I've been calling for constitutional reform for two years. Even before the Telegraph revelations I asked Sir Christopher Kelly, the Committee on Standards in Public Life, to investigate all this. I took it upon myself to do so. I then put proposals to Parliament long before the Telegraph came out with the revelations. And many of them were accepted and changed the system. Since the Telegraph's revelations we've made further changes to move from a self-regulatory system to a statutory system. Now that means there has to be a code of conduct, legislated for to irradicate these things happening again.

The question now is can we clean up other parts of the system? Can we open up to transparency a whole series of other public bodies including health authorities, local authorities, maybe even including the BBC so that people have to publish transparently things that are going on and at the same time, can we assure the electorate that we are taking the action that is necessary, so that every point the issue is whether we can advance the individual rights and the individual entitlements that are there for the citizens, the constituents that we are there to serve...

I advocated freedom of information 20 years ago. And I've been advocating for a written constitution for some time. We are determined to go further on constitutional reform now on the democratic renewal of our country, on freedom of information...
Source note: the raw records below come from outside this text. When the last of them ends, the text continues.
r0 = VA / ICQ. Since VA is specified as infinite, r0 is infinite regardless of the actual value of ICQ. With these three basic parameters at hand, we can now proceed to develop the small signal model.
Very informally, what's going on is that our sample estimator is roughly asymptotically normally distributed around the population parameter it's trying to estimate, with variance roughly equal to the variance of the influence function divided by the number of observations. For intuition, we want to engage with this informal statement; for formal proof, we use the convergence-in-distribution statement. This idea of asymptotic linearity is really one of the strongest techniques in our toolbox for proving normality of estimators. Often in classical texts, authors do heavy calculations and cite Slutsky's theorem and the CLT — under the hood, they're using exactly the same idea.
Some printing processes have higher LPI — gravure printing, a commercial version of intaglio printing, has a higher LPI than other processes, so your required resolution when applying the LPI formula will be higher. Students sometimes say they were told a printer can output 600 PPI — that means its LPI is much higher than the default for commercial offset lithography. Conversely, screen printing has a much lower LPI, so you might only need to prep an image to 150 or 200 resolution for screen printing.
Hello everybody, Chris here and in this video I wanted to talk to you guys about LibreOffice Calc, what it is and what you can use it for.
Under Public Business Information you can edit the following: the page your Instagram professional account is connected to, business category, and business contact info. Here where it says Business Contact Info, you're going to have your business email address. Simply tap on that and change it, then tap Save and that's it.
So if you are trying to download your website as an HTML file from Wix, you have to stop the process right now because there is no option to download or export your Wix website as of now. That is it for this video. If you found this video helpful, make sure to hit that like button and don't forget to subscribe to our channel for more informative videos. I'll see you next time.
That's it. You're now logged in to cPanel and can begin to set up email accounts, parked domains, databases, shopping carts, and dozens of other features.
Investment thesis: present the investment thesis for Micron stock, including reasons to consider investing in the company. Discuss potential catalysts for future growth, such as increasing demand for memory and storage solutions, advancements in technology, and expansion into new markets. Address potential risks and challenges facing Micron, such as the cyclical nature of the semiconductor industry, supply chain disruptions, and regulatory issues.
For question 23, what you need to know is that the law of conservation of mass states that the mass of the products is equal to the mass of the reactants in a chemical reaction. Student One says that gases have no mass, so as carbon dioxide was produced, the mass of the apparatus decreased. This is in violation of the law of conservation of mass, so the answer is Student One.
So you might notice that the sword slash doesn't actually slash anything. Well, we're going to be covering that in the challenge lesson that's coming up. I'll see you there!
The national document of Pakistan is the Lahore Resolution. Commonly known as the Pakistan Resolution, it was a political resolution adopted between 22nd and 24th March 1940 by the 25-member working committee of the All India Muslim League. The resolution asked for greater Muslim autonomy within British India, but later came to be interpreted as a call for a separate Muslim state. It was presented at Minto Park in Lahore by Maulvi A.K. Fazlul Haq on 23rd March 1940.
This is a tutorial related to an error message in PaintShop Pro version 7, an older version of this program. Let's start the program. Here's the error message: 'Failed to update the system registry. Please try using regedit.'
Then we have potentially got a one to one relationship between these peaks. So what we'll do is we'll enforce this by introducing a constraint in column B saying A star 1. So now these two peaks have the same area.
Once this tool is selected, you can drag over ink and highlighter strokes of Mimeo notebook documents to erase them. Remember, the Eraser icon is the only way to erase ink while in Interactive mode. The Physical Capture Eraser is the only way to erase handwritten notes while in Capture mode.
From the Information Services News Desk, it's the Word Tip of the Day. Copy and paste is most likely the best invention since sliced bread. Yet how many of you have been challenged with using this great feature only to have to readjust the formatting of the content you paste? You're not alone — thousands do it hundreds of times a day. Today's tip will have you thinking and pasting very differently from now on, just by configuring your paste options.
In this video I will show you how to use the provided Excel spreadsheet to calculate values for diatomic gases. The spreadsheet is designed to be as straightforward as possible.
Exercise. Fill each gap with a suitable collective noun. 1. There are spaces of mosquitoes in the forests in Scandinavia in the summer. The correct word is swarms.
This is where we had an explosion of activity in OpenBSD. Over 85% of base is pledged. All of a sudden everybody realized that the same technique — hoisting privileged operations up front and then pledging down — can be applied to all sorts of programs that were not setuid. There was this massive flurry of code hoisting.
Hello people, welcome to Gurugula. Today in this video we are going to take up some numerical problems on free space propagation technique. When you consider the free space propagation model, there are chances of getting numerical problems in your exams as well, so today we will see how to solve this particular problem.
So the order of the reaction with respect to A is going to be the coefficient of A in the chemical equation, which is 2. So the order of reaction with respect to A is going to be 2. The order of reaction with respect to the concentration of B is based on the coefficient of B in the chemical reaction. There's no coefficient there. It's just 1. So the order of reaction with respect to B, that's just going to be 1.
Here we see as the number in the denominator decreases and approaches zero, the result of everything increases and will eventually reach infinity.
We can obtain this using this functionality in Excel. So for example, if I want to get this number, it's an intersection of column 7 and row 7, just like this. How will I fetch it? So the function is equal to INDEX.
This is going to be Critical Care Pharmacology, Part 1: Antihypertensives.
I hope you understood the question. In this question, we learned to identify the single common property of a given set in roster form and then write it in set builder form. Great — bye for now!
Evan Davis: In January this year Harriet Harman proposed excluding expenses from the Freedom of Information Act. That was January this year, a Cabinet member, Leader of the Commons. The Times reported that you for a time were supporting a three line whip on the proposal to bar full publication. Is that true?

Prime Minister: This is not correct. There was an issue about how the Freedom of Information Act would be used to publish expenses. And people wanted this information public. Look I want far more information public. You go back 20 years and the support I've given for freedom of information. When I became Prime Minister I removed the charge that was actually going to be imposed on people that were calling for freedom of information. And I think it's rather wrong to say that we were against freedom of information when we actually introduced it.

Evan Davis: Do you think you have delivered the promised end of spin? The culture of spin?

Prime Minister: Of course, I've tried to be as open as I can, as transparent as I can. I've tried at all times both to tell the truth about what's going on and tried also at the same time to expand the freedom of information available to people. But I want to do better in the future and I want government to do better and I want the BBC to join a debate about the future and the future is how our constitution can better serve the public. How the listeners today can see that their rights are enhanced in the way that they feel powerless in some cases at the moment. How we can deal with the anger that people have about our politics that is not as sufficiently accountable to the public as it should be. And how we can open up those areas of our public life that have been too secret and where in the dark recesses of power to much information is held where the public actually should have that information. Now that's my agenda, that's what I've always wanted to do. That's what we're going to get about doing as we also at the same time the action to solve the economic problem."

On the Andrew Marr Show yesterday, the Prime Minister also credited the role of the FOI Act in exposing the problems:

"This is the response to a Freedom of Information Act that was created by a Labour government. We wanted there to be free information. The House of Commons is now subject to this freedom of information. Others will have to follow. In a free society, open information and open society is the key to a proper democracy being accountable. I've always supported that."